====== RECORDS PROVIDED
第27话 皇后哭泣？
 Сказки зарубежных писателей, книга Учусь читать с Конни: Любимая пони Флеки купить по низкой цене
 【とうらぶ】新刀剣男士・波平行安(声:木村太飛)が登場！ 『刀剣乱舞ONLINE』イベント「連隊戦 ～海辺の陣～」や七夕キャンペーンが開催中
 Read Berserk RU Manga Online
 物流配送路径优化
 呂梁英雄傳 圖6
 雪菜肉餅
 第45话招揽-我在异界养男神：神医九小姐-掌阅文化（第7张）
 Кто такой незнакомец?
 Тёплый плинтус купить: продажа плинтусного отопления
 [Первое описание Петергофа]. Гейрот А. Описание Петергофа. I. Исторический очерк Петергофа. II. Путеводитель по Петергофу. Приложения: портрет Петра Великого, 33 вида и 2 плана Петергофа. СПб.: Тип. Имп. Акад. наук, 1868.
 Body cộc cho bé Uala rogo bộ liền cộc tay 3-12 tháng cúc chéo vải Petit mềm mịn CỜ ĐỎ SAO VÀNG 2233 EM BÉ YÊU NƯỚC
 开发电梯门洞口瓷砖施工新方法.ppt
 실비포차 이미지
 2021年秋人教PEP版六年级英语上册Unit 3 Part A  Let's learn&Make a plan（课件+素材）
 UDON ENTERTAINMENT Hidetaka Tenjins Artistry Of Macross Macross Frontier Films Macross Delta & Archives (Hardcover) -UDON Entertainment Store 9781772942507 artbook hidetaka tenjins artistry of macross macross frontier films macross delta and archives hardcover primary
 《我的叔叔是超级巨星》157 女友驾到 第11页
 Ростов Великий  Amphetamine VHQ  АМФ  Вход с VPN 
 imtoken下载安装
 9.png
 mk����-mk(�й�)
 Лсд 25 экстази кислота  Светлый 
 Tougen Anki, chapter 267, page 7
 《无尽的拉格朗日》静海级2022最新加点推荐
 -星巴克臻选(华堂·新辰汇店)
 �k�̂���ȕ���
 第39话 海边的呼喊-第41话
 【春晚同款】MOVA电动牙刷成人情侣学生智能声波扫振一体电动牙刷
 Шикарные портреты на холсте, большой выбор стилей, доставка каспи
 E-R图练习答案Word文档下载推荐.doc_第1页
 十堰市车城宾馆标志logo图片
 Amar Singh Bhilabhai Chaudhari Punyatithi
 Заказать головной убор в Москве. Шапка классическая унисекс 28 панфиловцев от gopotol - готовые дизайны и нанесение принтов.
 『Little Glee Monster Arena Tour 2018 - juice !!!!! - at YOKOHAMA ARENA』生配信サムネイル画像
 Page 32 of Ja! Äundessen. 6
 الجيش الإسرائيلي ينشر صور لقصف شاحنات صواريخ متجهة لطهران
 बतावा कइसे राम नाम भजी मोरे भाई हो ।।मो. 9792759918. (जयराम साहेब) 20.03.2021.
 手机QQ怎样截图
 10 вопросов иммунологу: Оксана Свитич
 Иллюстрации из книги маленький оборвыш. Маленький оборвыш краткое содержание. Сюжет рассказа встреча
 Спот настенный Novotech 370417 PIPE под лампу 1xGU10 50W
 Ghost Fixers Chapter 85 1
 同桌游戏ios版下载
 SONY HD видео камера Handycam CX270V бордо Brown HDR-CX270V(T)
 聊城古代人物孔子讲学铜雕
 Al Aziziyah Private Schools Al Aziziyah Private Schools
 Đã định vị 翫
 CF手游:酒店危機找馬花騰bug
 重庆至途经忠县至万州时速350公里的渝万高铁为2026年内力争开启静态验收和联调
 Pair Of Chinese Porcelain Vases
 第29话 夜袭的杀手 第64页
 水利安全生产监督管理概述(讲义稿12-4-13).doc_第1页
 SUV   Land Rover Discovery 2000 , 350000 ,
============
TASK PROMPT: Wherever a line in the data above holds the word "купить", copy that line.

OUTPUT OF THE EXERCISE:
 Сказки зарубежных писателей, книга Учусь читать с Конни: Любимая пони Флеки купить по низкой цене
 Тёплый плинтус купить: продажа плинтусного отопления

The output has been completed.